Le psychiatre Gabor Maté, qui traite les personnes dépendantes, raconte qu’il est lui-même addict à l’achat de disques de musique classique, et que, par rapport à ceux qu’il soigne, « il situe son addiction dans le même continuum que le leur ». « C’est important, poursuit-il, parce que je crois fermement qu’il n’y a qu’un seul processus d’addiction. Les addictions sont séparées les unes des autres seulement par des degrés de sévérité, qui sont évidemment liés à des facteurs socio-économiques et des histoires personnelles ». Toute addiction peut dégénérer en une dynamique qui peut ruiner une vie ; « le fait que certaines addictions soient mal vues et criminalisées dans notre société (par exemple les drogues dures) tandis que d’autres sont plus ou moins tolérées (par exemple l’alcoolisme ou le tabagisme), et d’autres encore encouragées ou récompensées (addiction au travail, quête de pouvoir ou de richesse), voilà une série de normes plutôt arbitraires qui a plus à voir avec notre culture d’aveuglement qu’avec l’addiction en tant que telle », conclut-il.

Une des constatations d’Andy Mitchell a de quoi refroidir les ardeurs de ceux qui comptent sur ces avancées en matière de lutte contre les dépendances pour contribuer à sevrer l’humanité des hydrocarbures.
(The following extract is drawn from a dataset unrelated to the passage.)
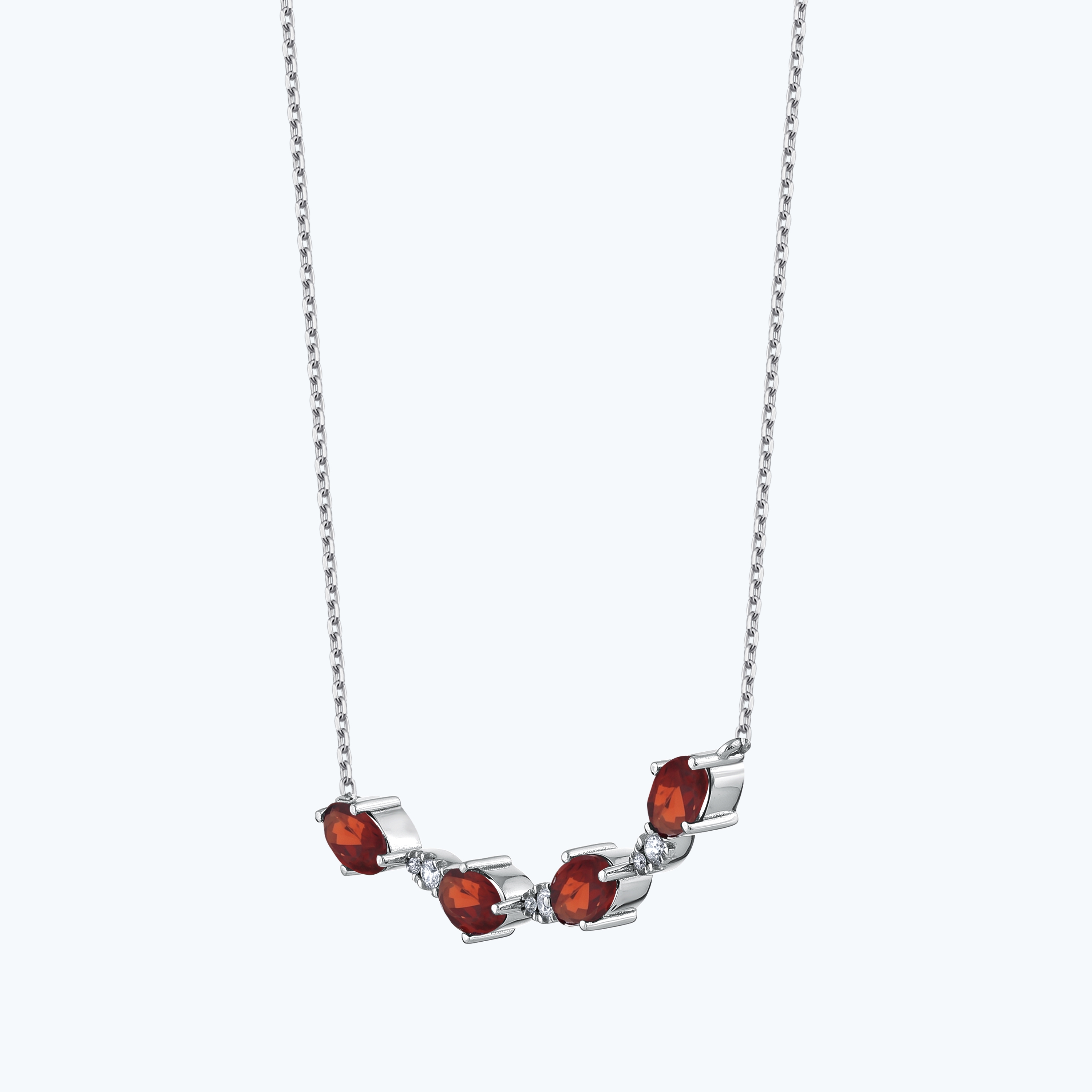 0.06 Karat Pırlanta Garnet Taşlı Oval Kolye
Il avance que, dans une bonne partie des initiatives qu’il explore, les investisseurs et grands groupes pharmaceutiques ne sont jamais bien loin, espérant toucher le gros lot grâce à des molécules ou des cures miracles. Pour les addictions individuelles comme pour les collectives, l’idée que les solutions potentielles attirent ainsi ceux en quête de sources d’enrichissement a de quoi décourager : un peu comme si on espérait, à propos des énergies fossiles, que ce soit les compagnies pétrolières elles-mêmes qui investissent dans des technologies susceptibles de sevrer l’humanité de leurs produits. Nous savons pertinemment que non seulement ce n’est pas le cas, mais qu’elles investissent au contraire des moyens considérables pour nous convaincre que la crise climatique n’en est pas une. Pour s’extraire des boucles addictives qui les assiègent, les humains feraient assurément mieux de ne pas faire confiance aux dealers et aux trafiquants, et de miser davantage sur l’entraide et la solidarité que sur la soif de profit.